Why it matters: The Interstate Highway System revolutionized transportation in the 1950s and '60s. But cars and trucks are getting smarter, so roadways must too.
- Roadside technology can provide important situational awareness to automated and semi-automated vehicles, helping to make roads safer, more efficient and less congested.
Driving the news: Cavnue, a Washington, D.C.-based subsidiary of Alphabet's Sidewalk Infrastructure Partners, just finished construction on the pilot phase of a first-of-its-kind connected corridor in Michigan.
- For now, the tech is providing real-time data and insights about traffic, weather, potholes, obstacles and other road conditions to Michigan's Department of Transportation (MDOT).
- Longer term, it'll feed information and advisories directly to connected and automated vehicles traveling in dedicated lanes along a 40-mile stretch of I-94 between Detroit and Ann Arbor.
- The ultimate goal: cars and roads collaborating for more efficient transportation.
Zoom in: A second smart corridor is opening later this year or early next near Austin, Texas — an ideal location, given Texas' emergence as a hub for driverless trucking development.

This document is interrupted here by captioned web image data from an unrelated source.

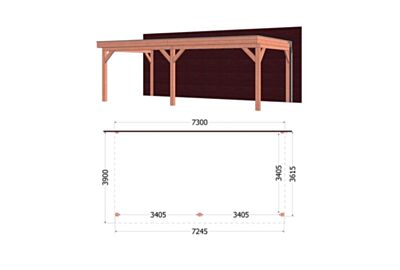 Aanbouwveranda Ancona 7300x3900 - 52.1019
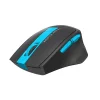 MOUSE A4TECH gaming, wireless, optic, 2000 dpi, negru / albastru, FG30 Blue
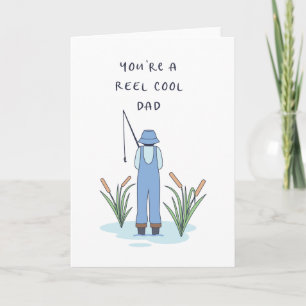 Funny Vaderdag Card - Gevist Theme Fisherman Kaart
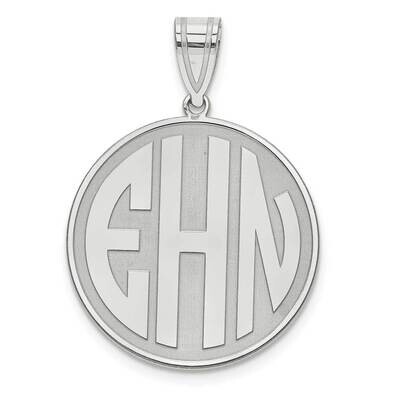 Block Letter Circle Monogram Pendant 10k White Gold 10XNA594W, MPN: 10XNA594W,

- In both locations, Cavnue will provide vehicles with key information about the road a mile or two ahead, beyond their sensors' line of sight.
- That added awareness could boost confidence and accelerate the safe deployment of fully driverless cars and trucks, says Cavnue CEO Tyler Duvall, who spent nearly a decade at the U.S. Department of Transportation.

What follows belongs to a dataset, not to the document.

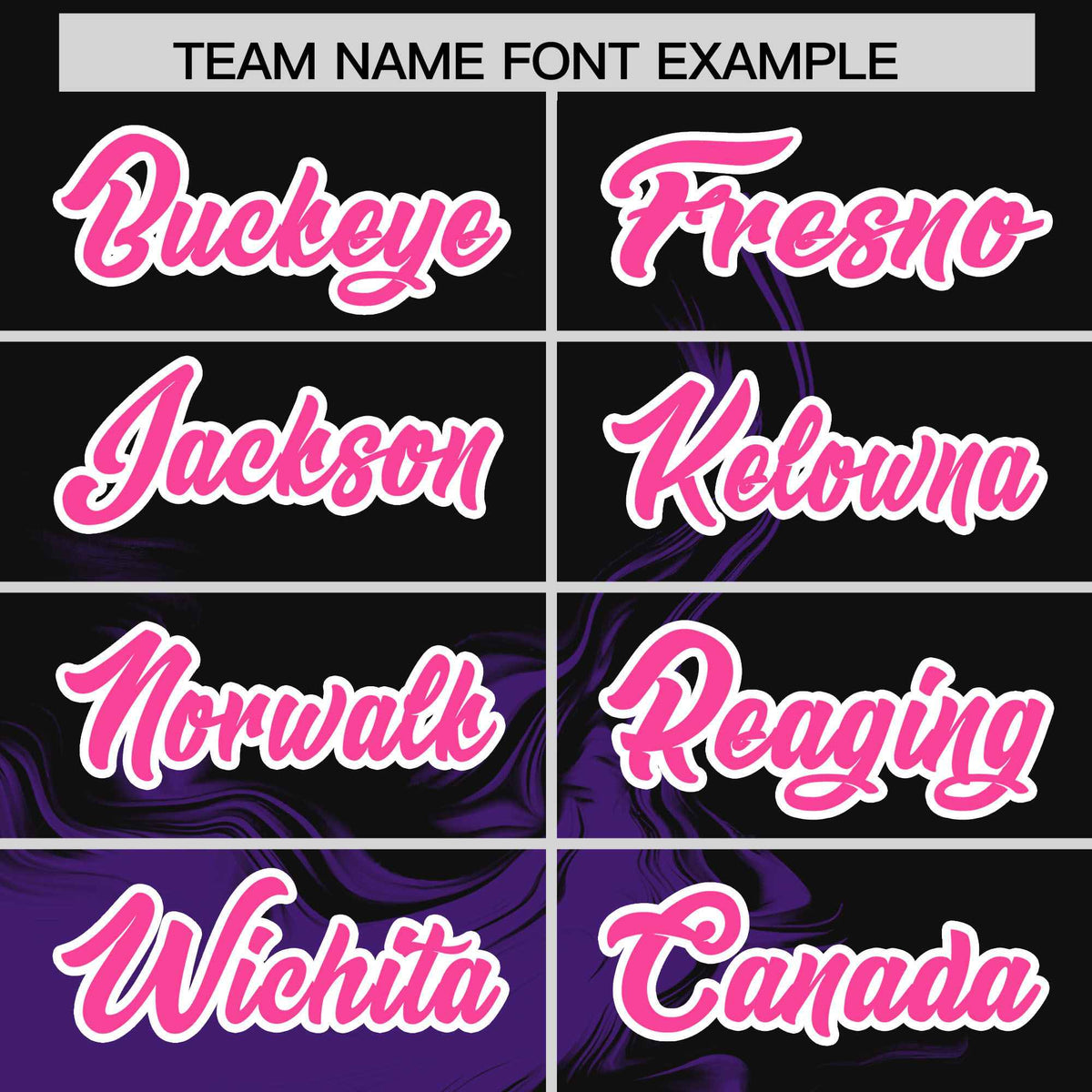 Custom Black Purple Personalized Ink Pattern Authentic Baseball Jersey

How it works: Technology poles located every 200 meters along the "smart" roadways include a sensor pod, a compute pod and advanced communications equipment. (Physical improvements include better lighting and "high friction" pavement.)
- For now, the system uses cameras to observe the roadway — but radar could be added later, Cavnue says.
- Images captured by those cameras are synthesized into real-time insights using AI and machine learning algorithms.
- The system can see and instantaneously identify a stalled vehicle, an accident, an animal or any other potential hazard in the roadway, such as pooling water from a sudden downpour.
- It then sends alerts to MDOT and to connected vehicles on the roadway.
Such alerts can help drivers — human or robot — prepare for traffic slowdowns further in advance, reducing both congestion and emissions.
- Plus, they can help road authorities improve maintenance and incident response times.
Reality check: Not all vehicles can "talk" to roadside infrastructure.
- But even if 1 out of 100 cars responds to in-vehicle guidance alerts, it can shorten the amount of time all vehicles spend in "phantom" traffic jams, says Cavnue, citing a European study.
- Cavnue expects half the cars on the road to have some level of automation by the early 2030s.
What they're saying: "Cavnue's completion of the work to launch a pilot project on I-94 between Ann Arbor and Detroit will keep Michigan on the cutting edge of mobility," Michigan Gov. Gretchen Whitmer said in a statement.
What's next: Cavnue is preparing to launch two more connected corridor projects: another in Texas and one in the Southeast.